- #1

geoffrey159

- 535

- 72

## Homework Statement

Find all ##{\cal C}^1(\mathbb{R}_+^\star \times \mathbb{R},\mathbb{R}) ## solutions to the pde ##x\frac{\partial f}{\partial y} - y \frac{\partial f}{\partial x} = cf##, where ##c## is a constant. Use a polar change of variable.

## Homework Equations

Trying to bring the problem to a fundamental pde by a change of variable.

## The Attempt at a Solution

We define the polar change of variable ##(x,y) = \phi(r,\theta) = (r \cos \theta, r\sin \theta) ##, which is known to be a ##{\cal C}^1##-diffeomorphism from ##\mathbb{R}_+^\star \times ]-\frac{\pi}{2},\frac{\pi}{2}[ \to \mathbb{R}_+^\star \times \mathbb{R} ##, and we define the function ## F = f\circ\phi ## which is of class ##{\cal C}^1(\mathbb{R}_+^\star \times ]-\frac{\pi}{2},\frac{\pi}{2}[,\mathbb{R})## if and only if ##f## is of class ##{\cal C}^1(\mathbb{R}_+^\star \times \mathbb{R},\mathbb{R})##.

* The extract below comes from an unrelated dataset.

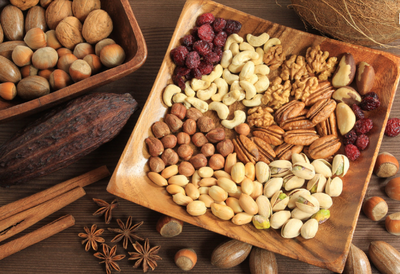 堅果——糖尿病初期患者的“穩(wěn)糖衛(wèi)士” 這些食物助您平穩(wěn)降血糖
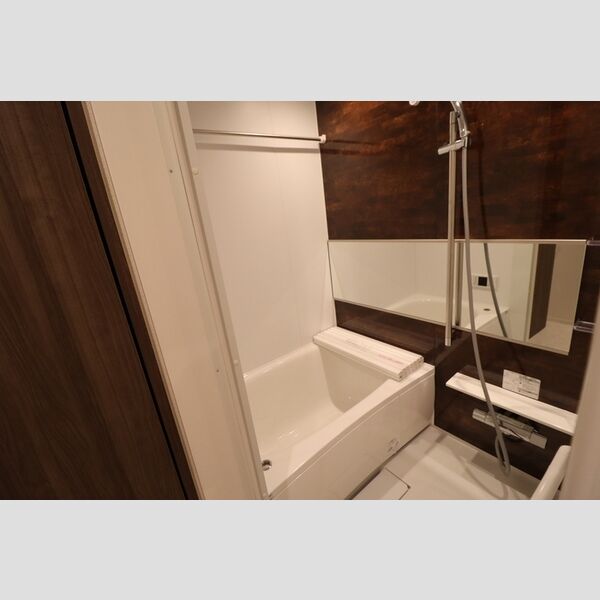 セレスティア白鳥109号室 浴室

Assume that ##f## is a solution, then ##F## has all its first partial derivatives defined and by the chain rule: ##F_r = \cos\theta (f_x\circ \phi )+ \sin\theta( f_y\circ \phi)## and ##F_\theta = -r\sin \theta (f_x\circ \phi )+ r\cos\theta (f_y\circ \phi)##.

Isolating the partial derivatives with respect to ##x## and ##y##, we have :##f_x\circ \phi = \cos\theta F_r -\frac{\sin\theta}{r} F_\theta ## and ##f_y\circ \phi = \sin\theta F_r + \frac{\cos \theta}{r} F_\theta##.

Finally, ##f## is a solution if and only if ##F## is a solution to ## F_\theta - c F = 0## which has solution ##F(r,\theta) = \lambda(r) e^{c\theta}##, where ##\lambda## is a function of class ##{\cal C}^1(\mathbb{R}_+^\star,\mathbb{R})##. Returning to ##f##, the solutions have the form ##f(x,y) = \lambda(\sqrt{x^2+y^2}) e ^{c\arctan(y/x)}##

Is that correct ?